> [Task description] Write out every line below again exactly as it stands, skipping each image.

> [The data]
========

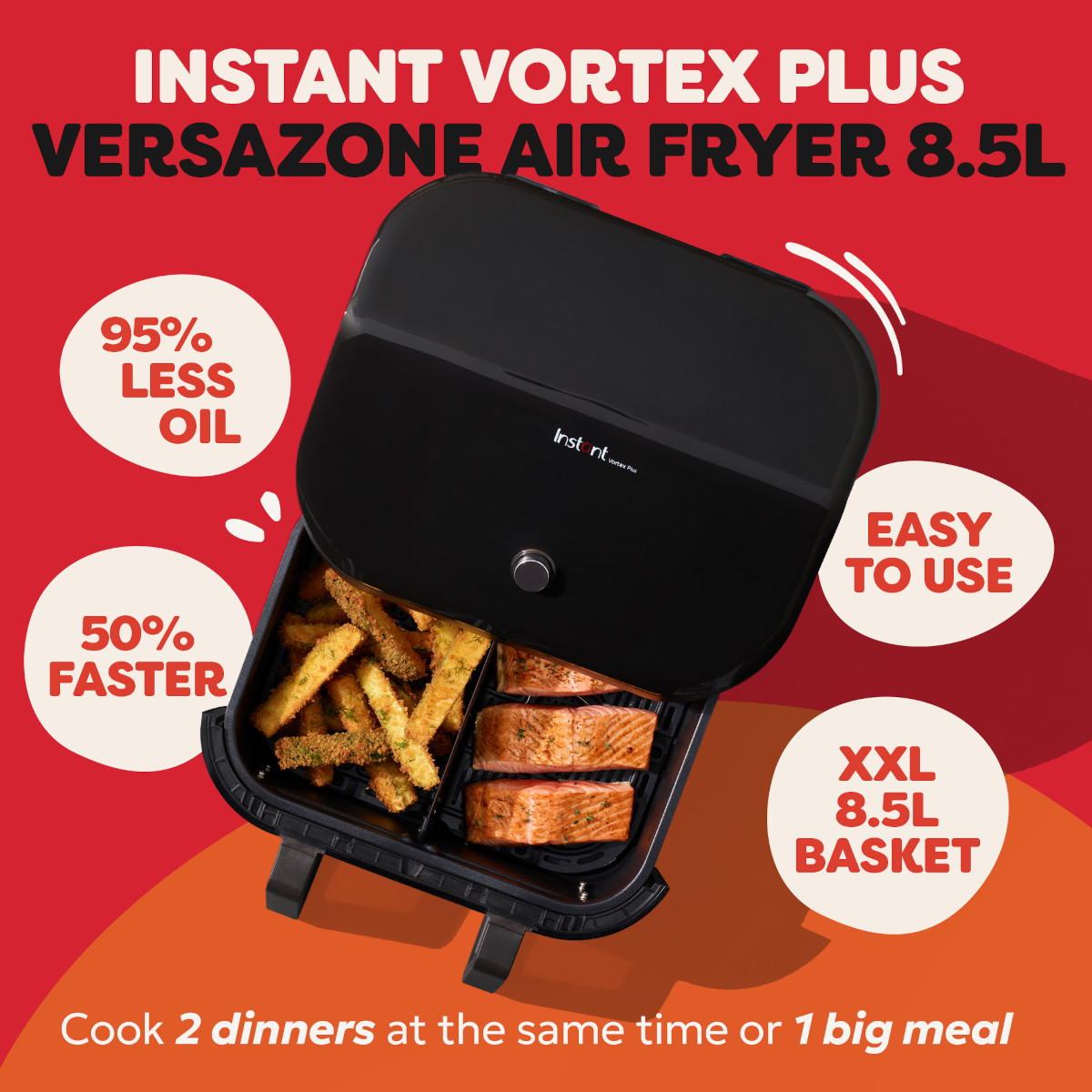 Friteuse à air noire Instant Vortex Plus avec saumon et frites. 95% moins d'huile.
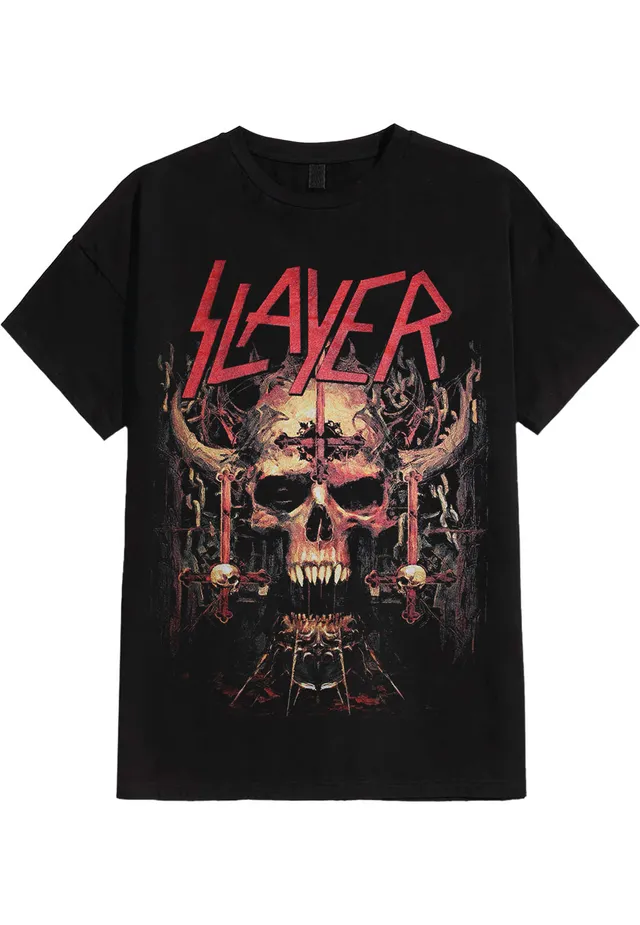 Slayer Velasco Deathhead T-Shirt Maglietta Nera Thrash Metal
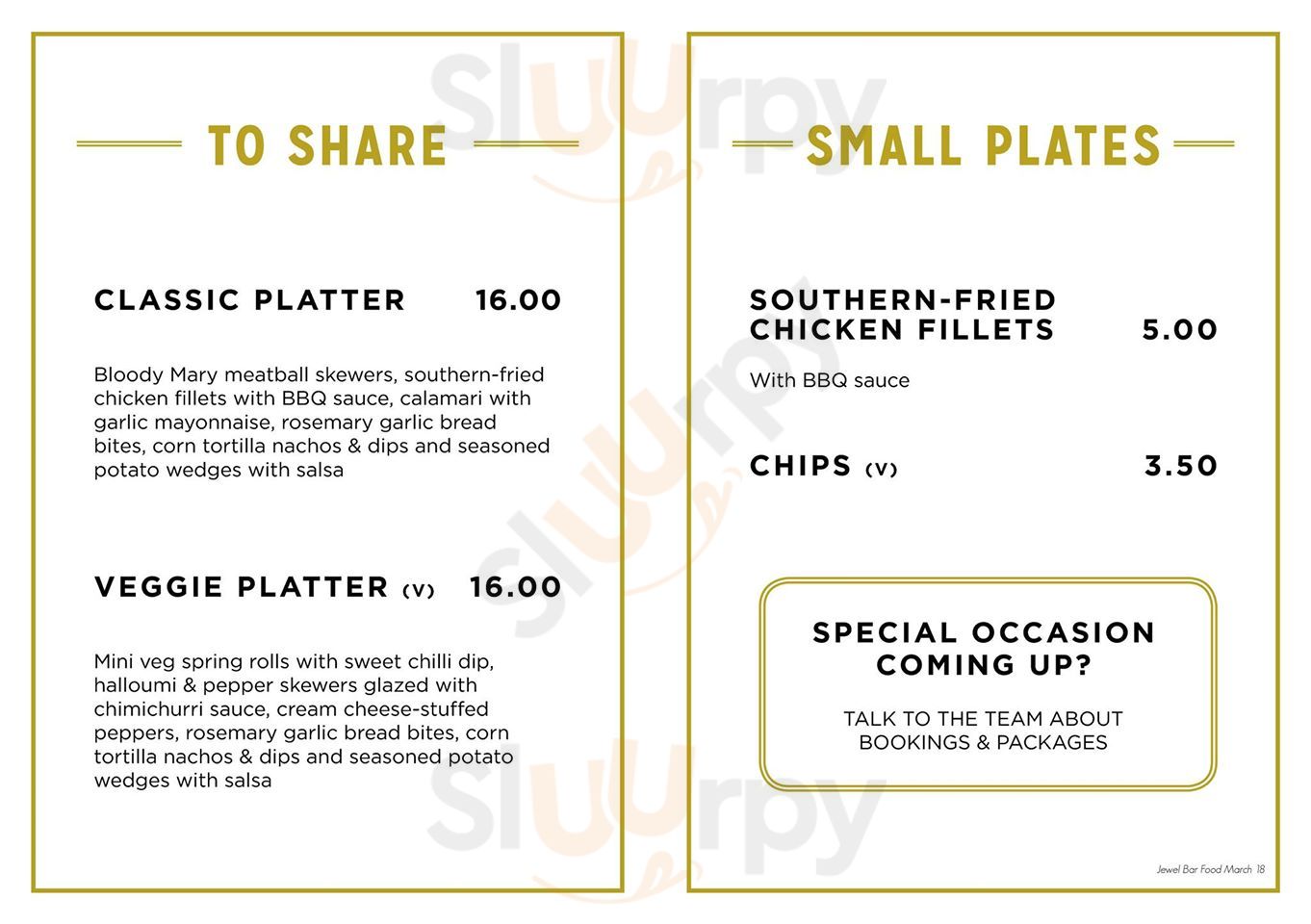 Main Menu - Jewel Piccadilly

========

> [Answer area]
 Friteuse à air noire Instant Vortex Plus avec saumon et frites. 95% moins d'huile.
 Slayer Velasco Deathhead T-Shirt Maglietta Nera Thrash Metal
 Main Menu - Jewel Piccadilly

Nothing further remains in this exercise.